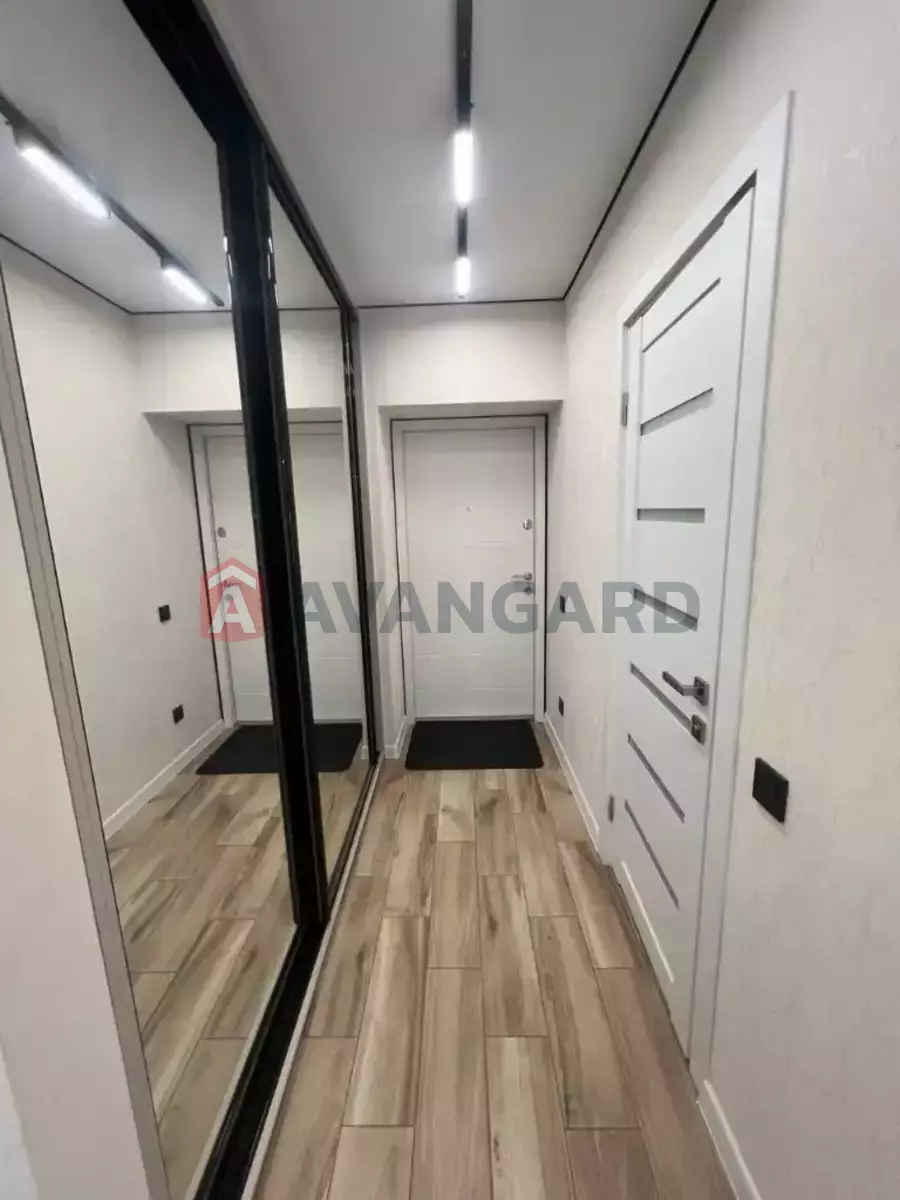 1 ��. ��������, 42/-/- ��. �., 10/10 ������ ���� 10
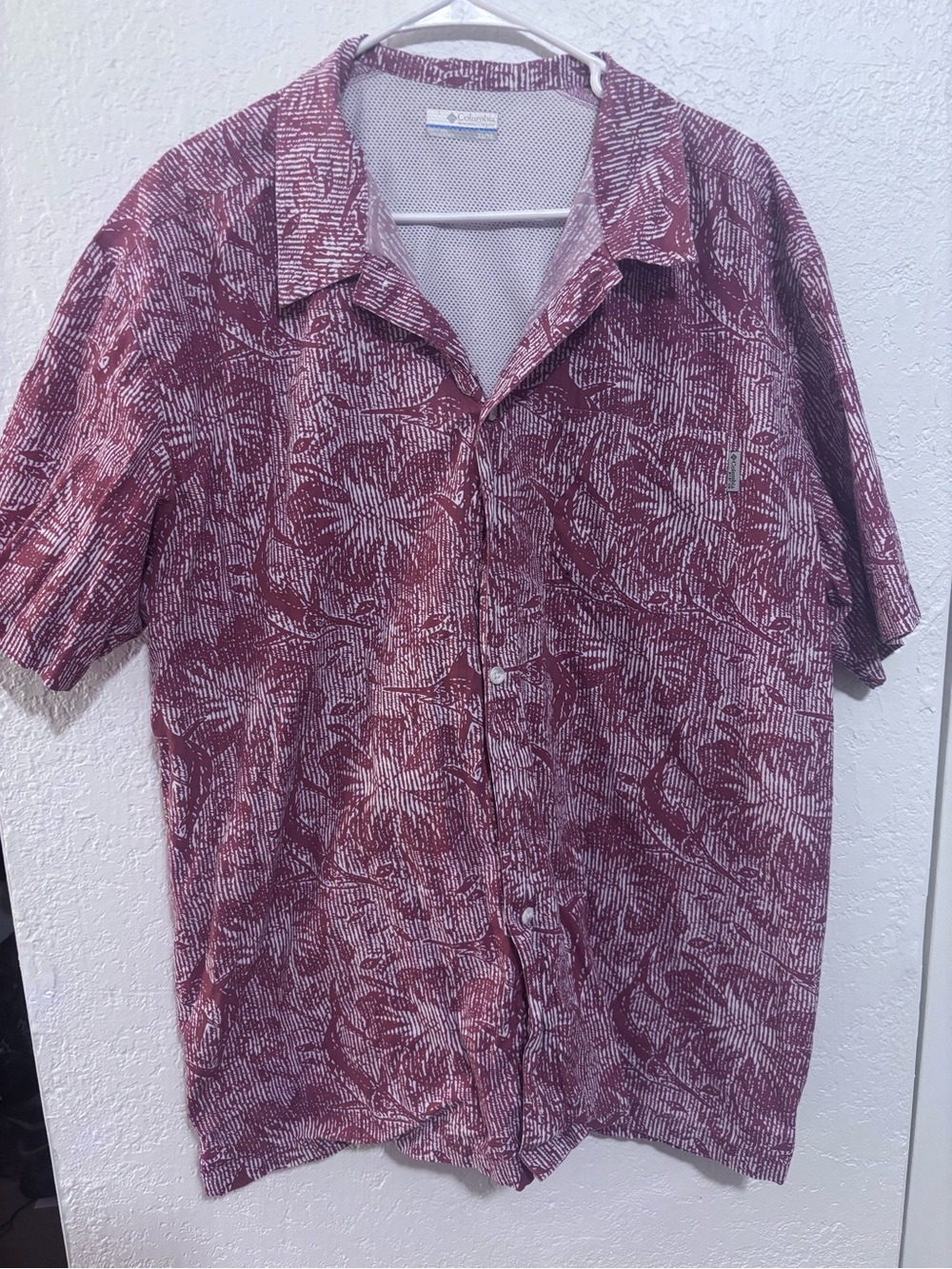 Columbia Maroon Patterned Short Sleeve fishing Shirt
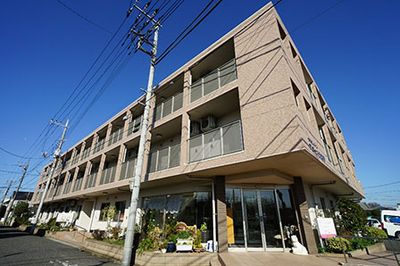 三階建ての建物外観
☆ ☆ ☆ ☆
Task statement: Excluding the images, copy all of the material above verbatim.

Task solution:
 1 ��. ��������, 42/-/- ��. �., 10/10 ������ ���� 10
 Columbia Maroon Patterned Short Sleeve fishing Shirt
 三階建ての建物外観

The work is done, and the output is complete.